**About this task:**
Scan the entries below for the word "things". Copy out every line in which it occurs.

**Provided data:**
■ ■ ■ ■

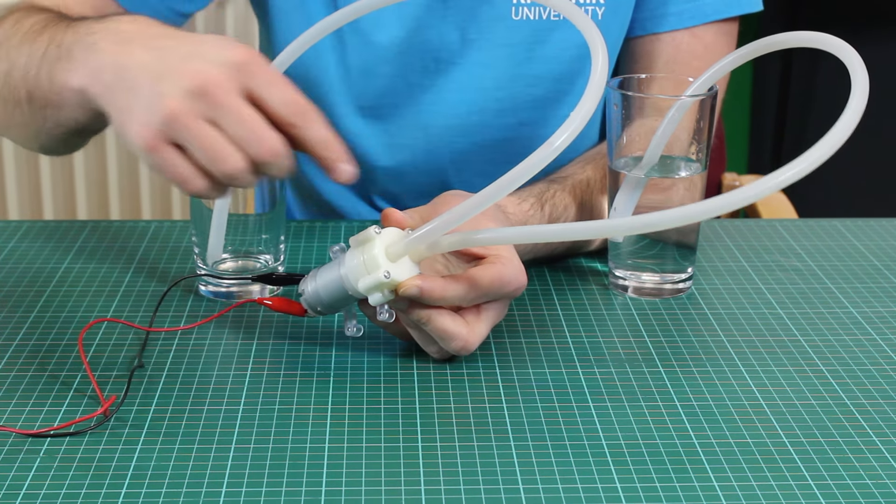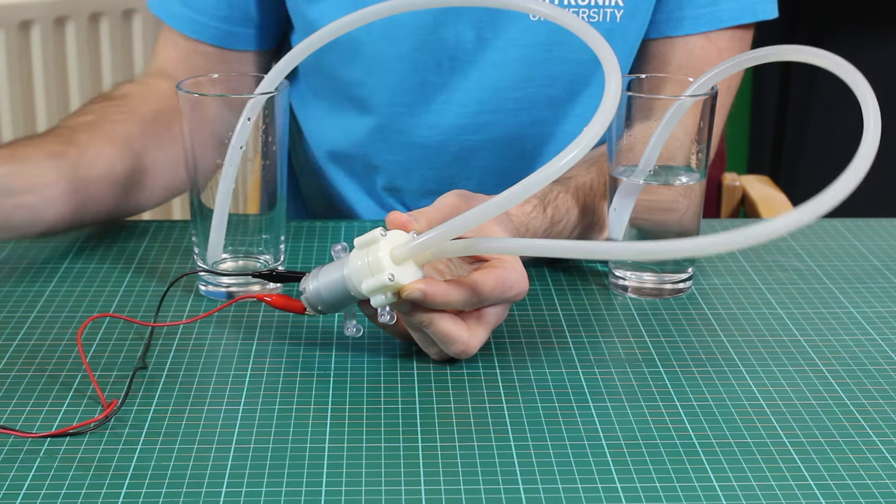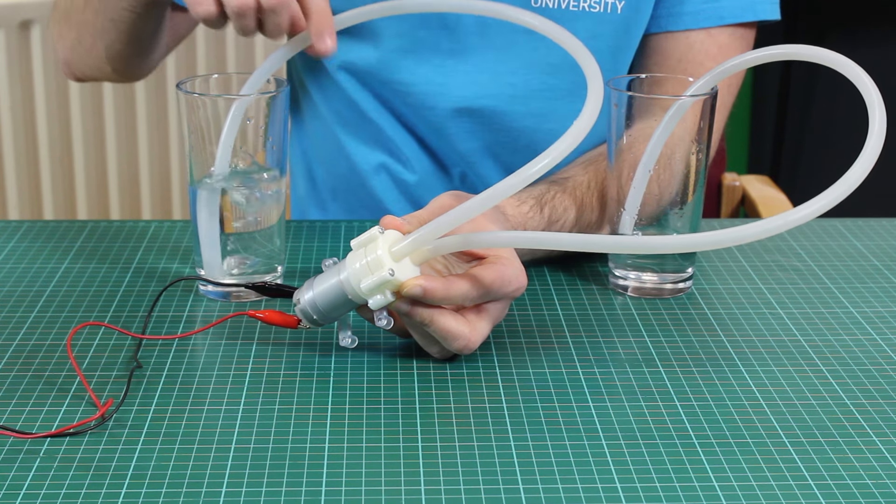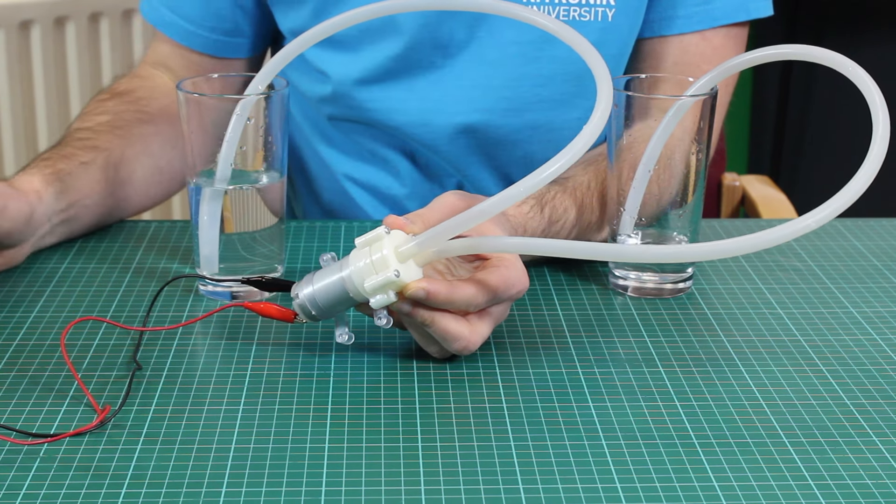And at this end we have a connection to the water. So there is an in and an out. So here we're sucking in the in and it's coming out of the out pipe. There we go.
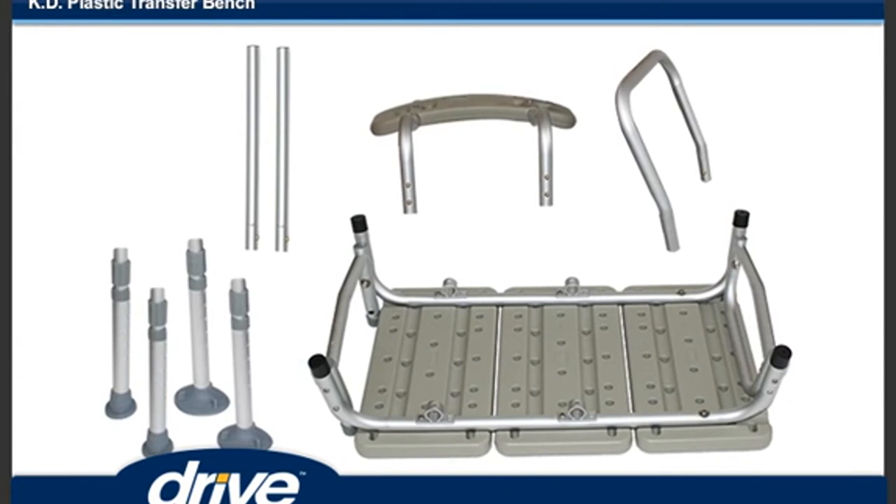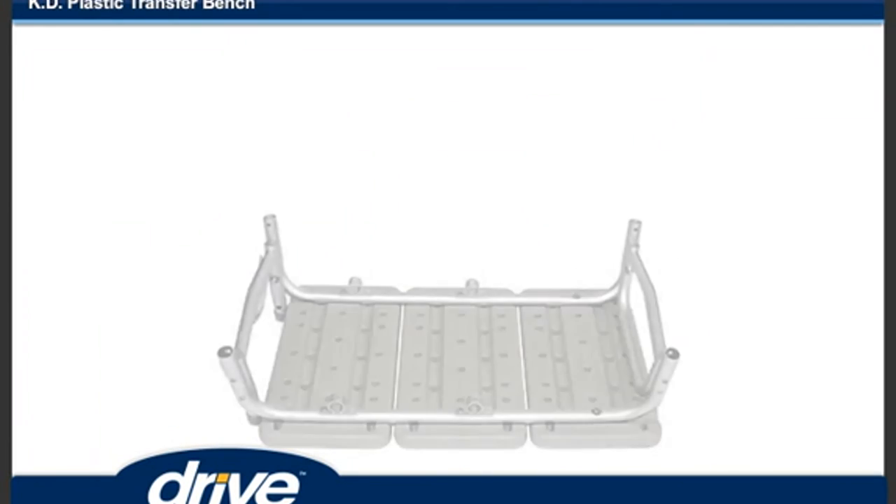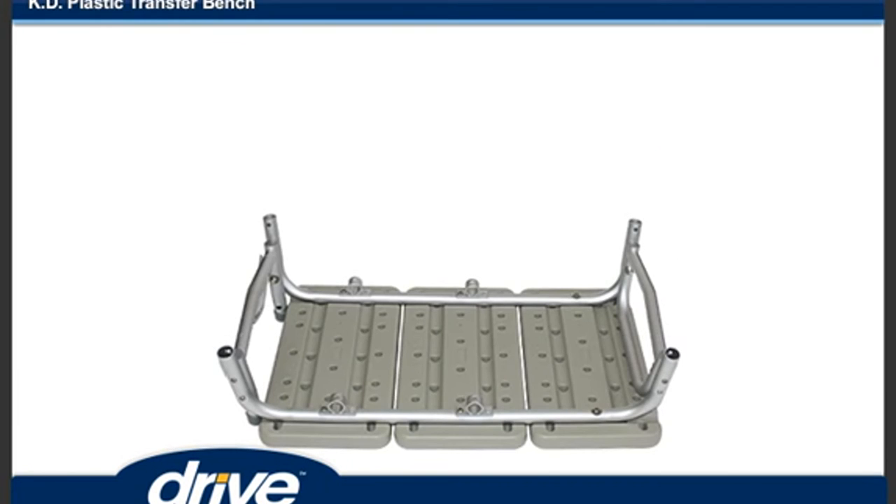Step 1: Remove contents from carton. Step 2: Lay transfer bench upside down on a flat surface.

■ ■ ■ ■

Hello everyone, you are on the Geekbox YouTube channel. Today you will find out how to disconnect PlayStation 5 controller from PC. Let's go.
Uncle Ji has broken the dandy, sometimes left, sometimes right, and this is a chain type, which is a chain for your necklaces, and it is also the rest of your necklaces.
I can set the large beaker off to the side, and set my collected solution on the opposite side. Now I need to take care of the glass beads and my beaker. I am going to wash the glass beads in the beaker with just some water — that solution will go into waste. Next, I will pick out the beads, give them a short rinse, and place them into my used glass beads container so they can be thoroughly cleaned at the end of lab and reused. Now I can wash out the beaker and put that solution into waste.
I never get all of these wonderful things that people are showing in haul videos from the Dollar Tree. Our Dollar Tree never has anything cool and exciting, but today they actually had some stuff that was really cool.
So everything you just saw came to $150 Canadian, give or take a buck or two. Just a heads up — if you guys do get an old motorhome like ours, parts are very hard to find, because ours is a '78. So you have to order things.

■ ■ ■ ■

**Answer area:**
I never get all of these wonderful things that people are showing in haul videos from the Dollar Tree. Our Dollar Tree never has anything cool and exciting, but today they actually had some stuff that was really cool.
So everything you just saw came to $150 Canadian, give or take a buck or two. Just a heads up — if you guys do get an old motorhome like ours, parts are very hard to find, because ours is a '78. So you have to order things.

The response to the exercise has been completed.